● Task
Reproduce the complete set of records exactly. No picture is to appear in the copy.

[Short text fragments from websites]
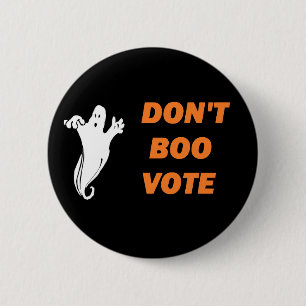 Don't Boo Vote! 6 Cm Round Badge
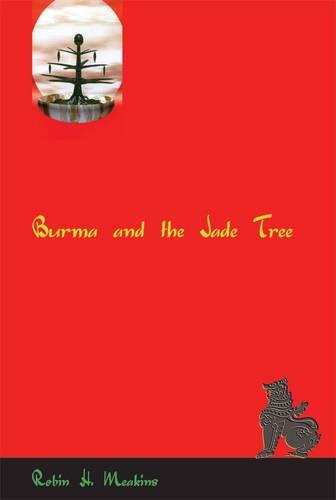 Burma and the Jade Tree (Paperback)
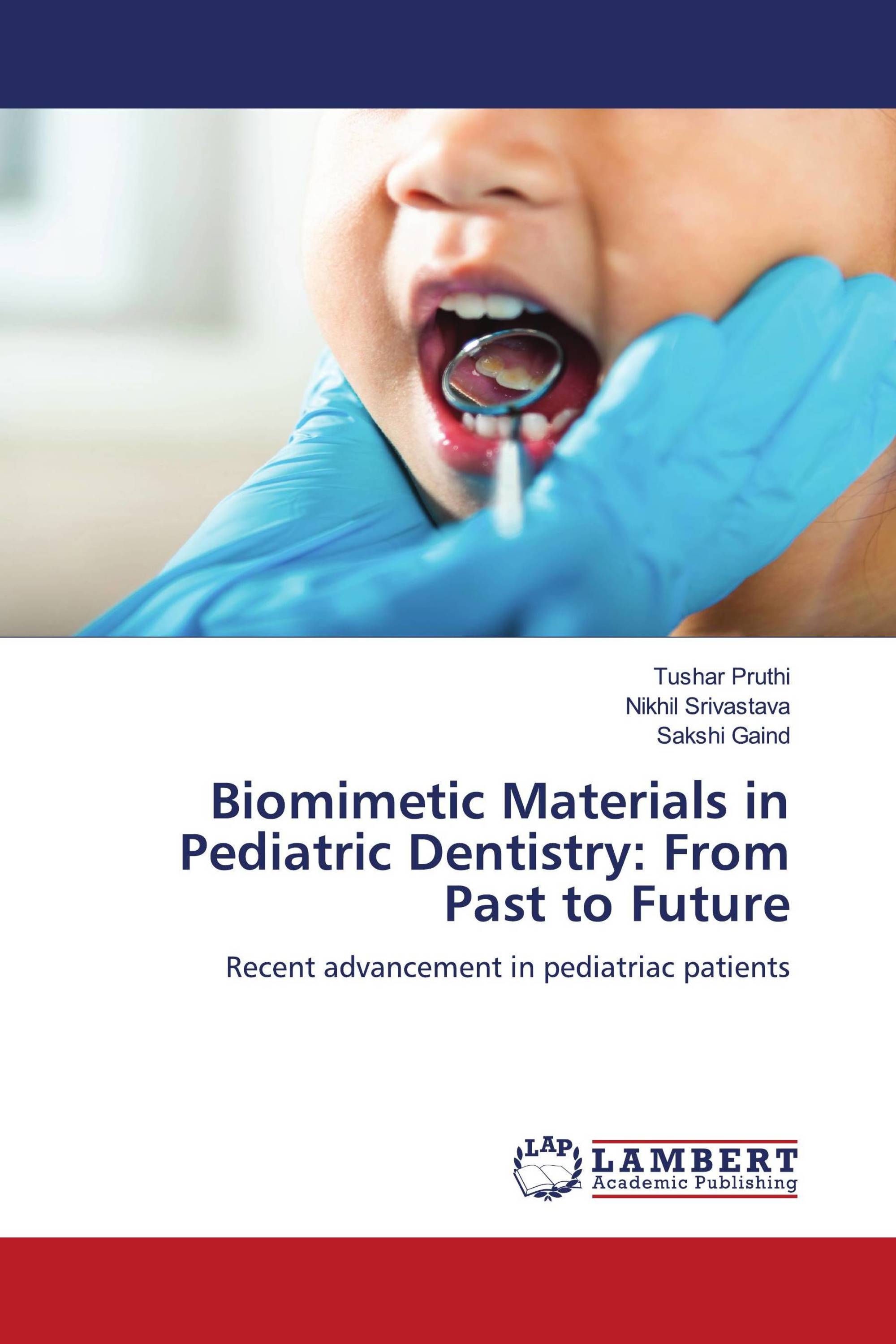 Biomimetic Materials in Pediatric Dentistry From Past to Future / 978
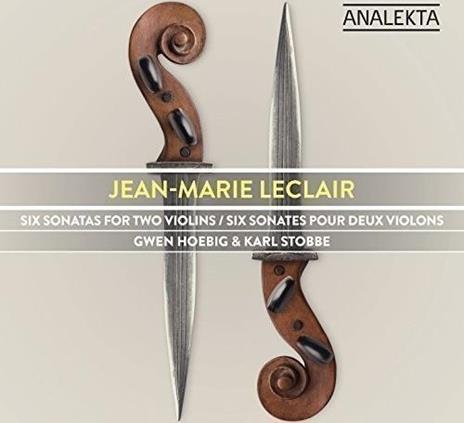 Six Sonatas For Two Violins - CD Audio di Jean-Marie Leclair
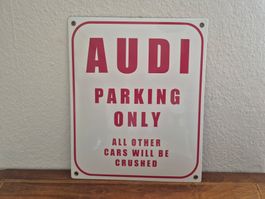 Emailschild Audi Parking Only Garage Service Emaille Schild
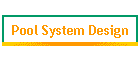 Pool System Design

● Result
 Don't Boo Vote! 6 Cm Round Badge
 Burma and the Jade Tree (Paperback)
 Biomimetic Materials in Pediatric Dentistry From Past to Future / 978
 Six Sonatas For Two Violins - CD Audio di Jean-Marie Leclair
 Emailschild Audi Parking Only Garage Service Emaille Schild
 Pool System Design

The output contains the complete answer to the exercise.